Proximity in agreement errors

Barbara Hemforth*

Lars Konieczny **

** Laboratoire Parole et Langage, CNRS, Université de Provence, Aix en Provence, France **University of Freiburg, Germany

Laboratoire Parole et Langage, UMR 6057, Univ. de Aix en Provence 29, av. Robert Schuman, 13621 Aix en Provence, France

([email protected])

Abstract

Across languages subject-verb agreement errors have been established when subjects are producing complex (NP PP) noun-phrases (see Bock, 1995, for an overview). Very recently, Haskell & MacDonalds (2002) proposed a locality-based principle, the principle of proximity, to explain a variety of agreement errors in production. They base they argument partly on preferences in verb number marking in sentences with disjunctive noun phrases (e.g., "the hat and the gloves" vs. "the gloves and the hat"), where they found a preference for number marking that matched the local noun. We will present a series of five written production experiments on German constructions with disjunctive Subjects, NP PP Subjects and Subject-Object-verb subordinate clauses. We will show that - although comparable effects can be established for German sentences with disjunctive Subjects - a proximity based principle fails to cover major portions of the results. We propose an account that highlights the dynamics of plural-feature activation and percolation.

Introduction It is well known by now that occasionally subjects erroneously produce plural verbs following a plural modifier in constructions like (1; quoted form Bock & Miller, 1991).

(1) The readiness of our conventional forces are at an all-time low.

The mechanism underlying this error is attributed to the marked plural feature percolating up the tree too far (Vigliocco & Nicol, 1998). This account is substantiated by the fact that no comparable singular/plural mismatch effect for constructions with marked plural heads has been established so far.

Very recently, Haskell and MacDonald (2002) proposed a principle of proximity as an alternative explanation. They showed that in disjunctions like (2), subjects have a strong preference to match the number marking on the verb with the more local noun. In addition to distributional evidence, this was taken to indicate that the classical attraction error at least partially and at least in English is caused by number marking on a close interfering noun. (2) a. The hat or the gloves is/are red. b. Is/are the hat or the gloves red? We ran a series of five written production experiments to test the proposed mechanisms in German. The logic of the argument is that if we can replicate the mismatch effect (Experiment I) as well as the effect of order in disjunctions (Experiment II) a proximity based explanation should work in German as in English. However, proximity should also work in a case that is special for German, i.e. verb final subordinate clauses where the number marking on an object NP might interfere with number marking on the Subject (Experiments III, IV, and V). Since number marking on the object cannot percolate to the Subject in any way, no effect of an interfering object NP is expected from a “feature-percolating”-approach.

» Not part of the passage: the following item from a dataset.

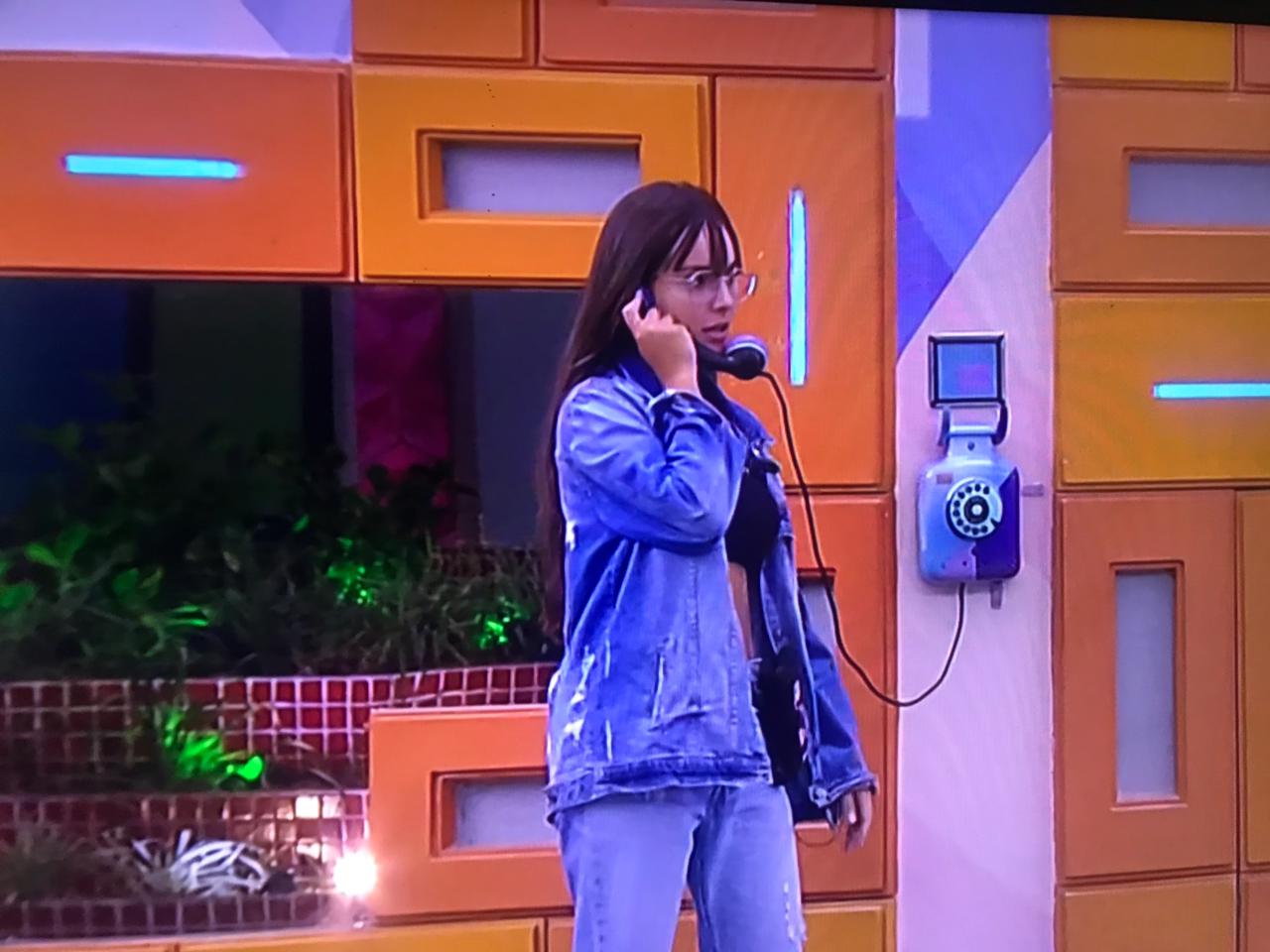 Thaís atende 3º Big Fone; veja quem está no paredão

Experiment I In Experiment I we tried to replicate the well-known mismatch effect in NP PP constructions. Materials were tested for plausibility (all four conditions were approximately equally plausible).

Design Two factors were varied in this first experiment: The factor “Match”: matching (1,4) or mismatching (2,3) number marking on head noun and local noun, and the factors “Number of the head noun”: singular (1,2) or plural (3,4) head noun. (1)Die Farbe auf der Leinwand __________ trocken. The color on the canvas __________ dry. (2) Die Farbe auf den Leinwänden _________ trocken. The color on the canvasses _________ dry. (3) Die Farben auf der Leinwand _________ trocken. The colors on the canvas _________ dry. (4)Die Farben auf den Leinwänden _________ trocken. The colors on the canvasses _________ dry.

Materials Sixteen sentence sets (four per condition) were constructed following the pattern in (1) to (4). The materials were pre-tested such that all four NP PP combinations were equally plausible, since effects of plausibility on production errors have been established in earlier experiments (Branigan et al., 1995; Hölscher & Hemforth, 2000; Vigliocco et al., 1995, 1996).

Methods In Experiments I to IV, 62 subjects (all native speakers of German) received a booklet with constructions missing an auxiliary which they had to fill in. All materials were part of the same

booklet. Materials were individually randomized. Participants were paid a small amount or received course credits for participation.

Results Number marking on the head noun clearly affected the percentage of agreement errors (Factor “Number of head noun”: F1(1,61) = 22,5; p < 0.001). Neither the factor “Match” nor the number * match interaction reached significance. However, whereas no difference in matching versus mismatching local nouns could be established for sentences with plural marked head nouns (F1, F2 < .5), planned comparisons showed a marginal effect with singular marked head nouns (F1(1,61) = 3.88, p < 0.06; F2(1, 14) = 3.71; p < 0.08). Matching the literature, more agreement errors can be found for singular-plural ordering than for plural singular (e.g. Vigliocco & Nicol, 1998).

2,2

14,2

5,2

13,9

0,0

2,0

4,0

6,0

8,0

10,0

12,0

14,0

16,0

head sg head pl

Err

ors

in %

matchmismatch

Figure 1: Agreement errors for NP PP constructions

Discussion In Experiment I we replicated the well-known mismatch effect (e.g. Bock & Miller, 1991). In those cases, where the local mismatching noun was marked for plural, the number of agreement errors increased. In line with earlier experiments on written production (e.g., Branigan et al., 1995; Fayol, Largy, & Lemaire, 1994; Hölscher & Hemforth, 2000), we found a considerably high number of agreement errors for plural marked head nouns, presumably reflecting a tendency to produce singular marked verb.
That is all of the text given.